Botbol-Baum (Louvain, UCL) part du «rire de Sarah» en Gn 18 pour
nous faire réfléchir sur la sorcellerie dissimulée dans les
techniques de reproduction négatrices de l'altérité homme-femme.
«Deviendrait idole ce qui arrête le devenir spirituel au lieu de
rester une simple balise sur le chemin» (p. 43): ainsi s'exprime L.
Irigaray (Paris, CNRS); l'idolâtrie est le non maintien de la
différence sexuelle, la négation de la «transcendance de l'autre»;
D. Müller (Lausanne, Univ.) prend le point de vue de l'éthique
théologique et critique la volonté dominatrice de la théologie et
celle de la bioéthique comma paradigme du pouvoir. Y. Ledure (Metz,
Univ.), en parlant de «l'homme et son désir» refait un parcours de
l'athéisme pour percevoir comment tout l'homme, y compris sa
corporéité, doit être pris en compte pour surmonter l'idolâtrie. D.
Courcelles (France, CNRS) nous remémore l'histoire chrétienne et
ses grands théologiens pour s'interroger sur la justice et sur la
charité érigée en droit: y a-t-il là vraie alternative à la
violence?
Dès lors, comment bien parler de Dieu? Peut-on éviter l'idolâtrie?

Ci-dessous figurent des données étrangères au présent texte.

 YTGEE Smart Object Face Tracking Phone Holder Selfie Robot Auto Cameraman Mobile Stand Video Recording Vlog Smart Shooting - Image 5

Voilà une réflexion salubre et décapante qui nous aidera à nous
purger de nos idoles et à débusquer nos faux dieux, qui se juchent
souvent là où nous estimons en être indemnes. Merci aux auteurs
d'aborder ce sujet en vérité. Aux lecteurs, que nous espérons
nombreux, d'en tirer le meilleur parti ! Livre accrocheur qu'on ne
lit pas innocemment. - J. Radermakers, S.J.